Friday, May 1, 2015

The Characteristics of NoSQL

 NoSQL means NOT ONLY SQL.
Big Data has its own fame and is stable in the market. Due to increase in data volume and scale out functionality, there is problem with database flexibility. Hence, NoSQL is emerged as “the next generation databases mostly addressing some of the points: being non-relational, distributed, open-source and horizontally scalable.” (NoSqlDatabase.Org). Is SQL to NoSQL an evolutionary or revolutionary journey? What’re the characteristics of NoSQL databases?

Historically, database has been through a few evolutionary shifts. In the 1990s, there’s a trend toward consolidation in the relational direction. At first relations databases were targeted toward query processing for reporting. The style had been to do the transaction systems in hierarchical or network databases, and then to extract data into a RDBMS for more flexible reporting. Then the RDBMs vendors drastically improved performance on the transaction side and for many organizations, everything was moved to relational. Then businesses tried to manage other content such as Word documents and other unstructured sources. This caused a problem. To solve the problem, a number of "content management" systems were developed. Then comes the Internet explosion and the drop in the price of storage and processing, and the emerging trend of Big Data with five “V”s characteristics. So you have to be open to using multiple technologies in an organization driven by the requirements of an application, you need to look at each application and match its requirements to the technology.

Data Distribution: First, the term distributed database is very correlated with NoSQL, because most of them either use partitioning or replication. So, in a certain way, most NoSQL databases are distributed. This is known as data distribution. Some RDBMS also have it, but when talking in Big Data (volume, variety, velocity), the relational databases are not very adequate, not only in terms of read speeds (because of its related nature and all the joins), but also in terms of scalability and fault-tolerance. A cluster of NoSQL databases for example have no single point of failure, so there is no master node, if one of the machines fail, the cluster is intelligent enough to allocate other machine until the problem is resolved, automatically.


Scalability: In a simple manner, it's the ability of a certain system to accommodate the growth of a certain request (such as storage and processing). Most of NoSQL databases are storage scalable by nature, because they are partition, replication and fault tolerant, with minimal human interaction. In most of NoSQL databases, besides the data distribution to achieve dirty read scalability (for example, divide the requests by multiple nodes in the cluster), you have a very important type of distribution, processing parallelism. This means the processing of a query can be distributed by multiple nodes, and merged at the end.


Different types of NoSQL databases: NoSQL isn't here to replace RDBMS, there is a place for each one of them.
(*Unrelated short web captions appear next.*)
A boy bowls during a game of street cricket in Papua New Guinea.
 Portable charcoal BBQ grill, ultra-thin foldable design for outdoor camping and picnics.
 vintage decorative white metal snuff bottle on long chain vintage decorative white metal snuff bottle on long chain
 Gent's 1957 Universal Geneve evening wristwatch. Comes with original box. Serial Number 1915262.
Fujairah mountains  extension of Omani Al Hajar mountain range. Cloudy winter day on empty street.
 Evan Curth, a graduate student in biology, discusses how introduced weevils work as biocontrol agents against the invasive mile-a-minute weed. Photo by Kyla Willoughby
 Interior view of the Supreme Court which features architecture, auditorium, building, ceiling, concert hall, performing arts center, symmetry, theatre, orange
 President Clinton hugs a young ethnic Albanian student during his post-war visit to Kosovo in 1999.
However there are certain applications where RDBMS are not adequate, due to its related nature that makes data read difficult and slow, also because of the infrastructure costs and licensing costs, and because it is hard to achieve distribution and scalability. NoSQL databases or Hadoop are designed to operate on a big cluster of commodity hardware, so it's more cost efficient. NoSQL’s model-less architecture is much more flexible than a relational one, meaning you can make changes to the structure without having to rethink the all model. That’s the main "selling point," because this makes the development of applications and analysis much more easy. There are four types of major NoSQL databases, which are commonly being utilized by the industry these days. These are:
(1) Document oriented Databases
(2) Column Family Databases
(3) Key-Value Databases
(4) Graph Databases.
DOMBA (Distributed Objects Management Based Articulation) is Cluster-Oriented NoSQL database. It has combined Graph and Document oriented Database features. DOMBA allows users to distill smaller units of related data without using complex structured query languages. DOMBA is human-oriented NoSQL, it will allow to write queries to distill both relationships in a graph structure. You can use DOMBA to manage Big Data, because your data will grow on everyday basis, and DOMBA is scalable and does provide eventual consistency to work with.
– DOMBA is schemaless NoSQL database. In reality, all objects have a certain identity and a relationship with another object.
– DOMBA allows to explore these relationship in human-oriented way.
– DOMBA has added ACID features within CAP theorem.
– Data Recharging is utilized in DOMBA.


NoSQL means NOT ONLY SQL. The emergence of NoSQL is to solve the data processing problems caused by Big Data. Organizations are much more willing to work with a multitude of DBMS that each meet a particular set of requirements. This requires more skilled people to development and maintain systems. For transaction data, you can still use an RDBMS. With all the variants of NoSQL, you just have to look at them in detail to see which might work for you.